LOS ANGELES (AP) Kobe Bryant returned to the Los Angeles Lakers' lineup against Miami on Tuesday night after his latest prolonged stretch of rest.
The Lakers are working on a plan to keep their 36-year-old superstar healthy for the rest of a rough season, but they're not entirely sure how to do it. Scott intends to decide before every game whether to use Bryant that night, but Kobe likely won't play in back-to-back games again this season.
''It's uncharted waters for both of us,'' Scott said.
Bryant had skipped three of the Lakers' last four games to rest, and he missed three games last month, sitting out six of the Lakers' last 11 games overall. Scott plans to rest Bryant again Friday when the Lakers visit Utah, but hopes Bryant will play against the Cleveland Cavaliers on Thursday - all subject to change, of course.
''I'm not going to anticipate anything,'' Scott said. ''This is a day-by-day, game-by-game situation.''
Although Bryant is the NBA's sixth-leading scorer with 23.0 points per game, the accumulated wear of his 19th NBA season has prompted Scott to rest him with increasing frequency. Bryant has been surprised by the overall soreness in his body, gradually realizing the effects of the accumulated wear on a player who regularly suited up with innumerable injuries ranging from jammed fingers to sprained ankles.
Scott thinks Bryant's famed toughness and his desire to wring more wins out of another bad season compromised his long-term plans for Bryant. Kobe is averaging 34.8 minutes per game, a number that's higher than Scott intended when the season began.
''I was maybe playing him a little too much,'' Scott said.
Bryant is in the first year of a two-year, $48.5 million contract extension signed last season while he was injured. Bryant played just six games in the previous 18 months before this season began after struggling with two major leg injuries.
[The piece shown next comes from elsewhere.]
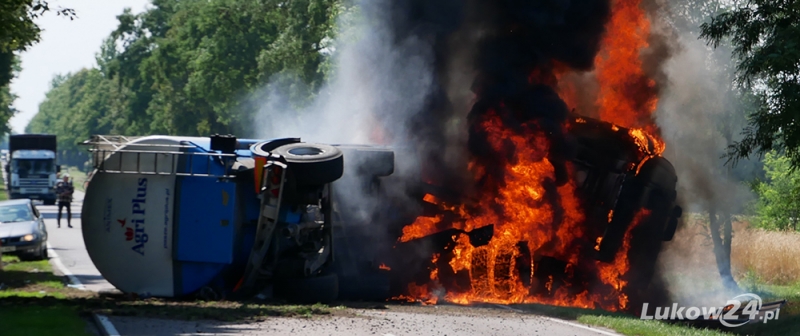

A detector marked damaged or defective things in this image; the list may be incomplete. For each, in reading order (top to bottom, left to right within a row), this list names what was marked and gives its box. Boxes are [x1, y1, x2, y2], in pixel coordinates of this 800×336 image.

overturned truck [81, 116, 680, 308]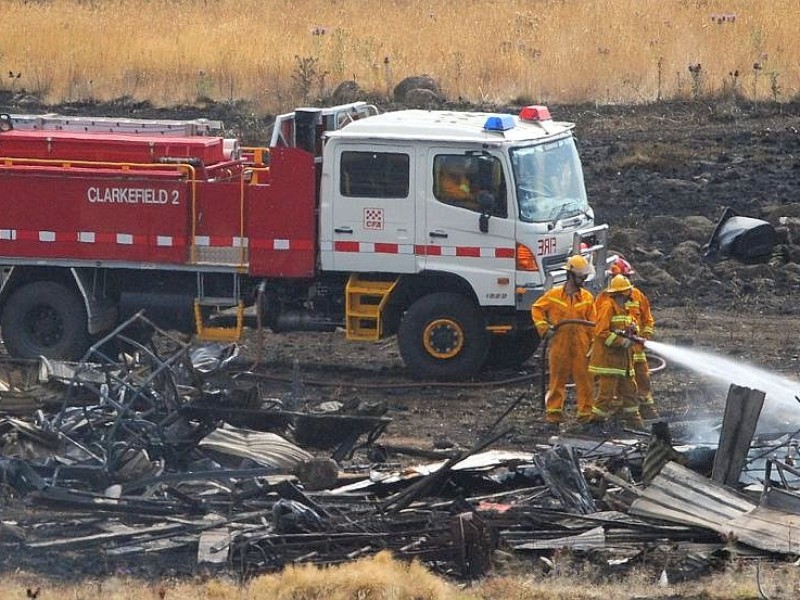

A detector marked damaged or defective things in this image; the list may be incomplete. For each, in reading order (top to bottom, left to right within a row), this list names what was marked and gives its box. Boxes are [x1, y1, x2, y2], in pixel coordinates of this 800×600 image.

charred rubble [1, 316, 800, 584]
''It's a two-year deal, and we want to make sure he can play it out to the best of his ability and to the highest ideal,'' Scott said.
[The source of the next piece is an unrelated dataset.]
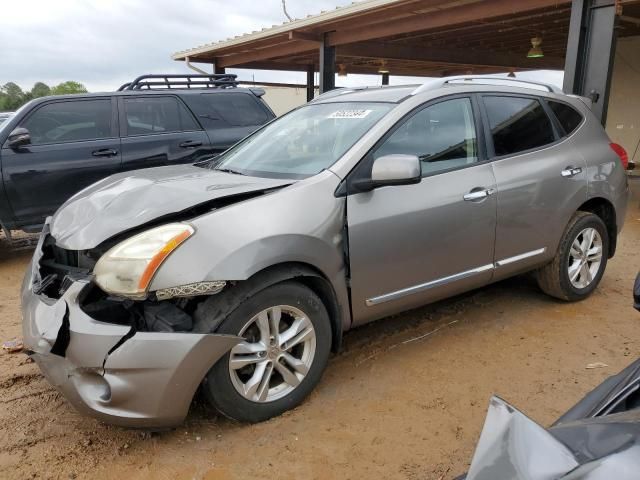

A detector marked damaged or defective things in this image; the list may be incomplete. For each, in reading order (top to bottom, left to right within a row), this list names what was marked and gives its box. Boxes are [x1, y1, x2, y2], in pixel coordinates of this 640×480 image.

crumpled hood [52, 164, 292, 249]
exposed headlight [92, 223, 192, 298]
broken headlight housing [92, 223, 192, 298]
damaged front bumper [22, 231, 241, 430]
Scott claims the Lakers haven't discussed shutting down Bryant for the season, but the coach acknowledged during the pregame shoot-around that such a discussion might occur in the future.
For now, Scott will stick to a strict limit of 32 minutes for Bryant.
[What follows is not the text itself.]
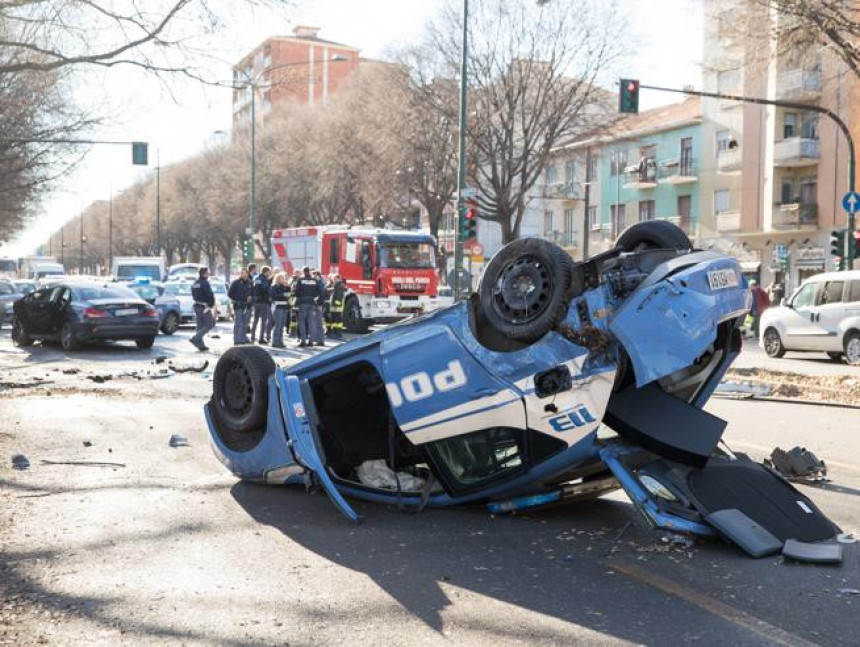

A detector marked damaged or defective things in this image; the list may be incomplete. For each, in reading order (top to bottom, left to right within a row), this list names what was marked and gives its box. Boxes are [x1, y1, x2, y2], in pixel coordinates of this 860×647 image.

overturned blue police car [207, 223, 840, 560]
But what if a game goes to overtime?
''He won't play overtime,'' Scott said.
Bryant is the third-leading scorer in NBA history, a five-time champion and by far the Lakers' biggest draw. Fans spend thousands of dollars on tickets with the express interest in seeing Bryant before his career ends - and while Scott is aware of his responsibility to fans, he feels a bigger responsibility to Bryant, his former teammate during Kobe's rookie season.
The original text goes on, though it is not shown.